## Directions
Please give again, exactly and only, the stretch of lines from the one containing "TRD MANUFACTURING R10X NSMP" to the end of the entries below.

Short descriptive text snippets

- - - - -

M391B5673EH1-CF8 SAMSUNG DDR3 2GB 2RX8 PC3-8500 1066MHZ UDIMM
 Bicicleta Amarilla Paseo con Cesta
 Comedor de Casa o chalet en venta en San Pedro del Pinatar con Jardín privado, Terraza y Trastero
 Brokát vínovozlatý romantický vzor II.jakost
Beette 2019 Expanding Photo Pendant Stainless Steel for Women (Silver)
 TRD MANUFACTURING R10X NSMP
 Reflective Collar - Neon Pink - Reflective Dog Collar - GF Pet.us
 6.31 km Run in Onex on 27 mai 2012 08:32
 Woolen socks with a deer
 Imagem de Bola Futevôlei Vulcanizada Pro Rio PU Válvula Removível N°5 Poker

- - - - -

## Result of the task
 TRD MANUFACTURING R10X NSMP
 Reflective Collar - Neon Pink - Reflective Dog Collar - GF Pet.us
 6.31 km Run in Onex on 27 mai 2012 08:32
 Woolen socks with a deer
 Imagem de Bola Futevôlei Vulcanizada Pro Rio PU Válvula Removível N°5 Poker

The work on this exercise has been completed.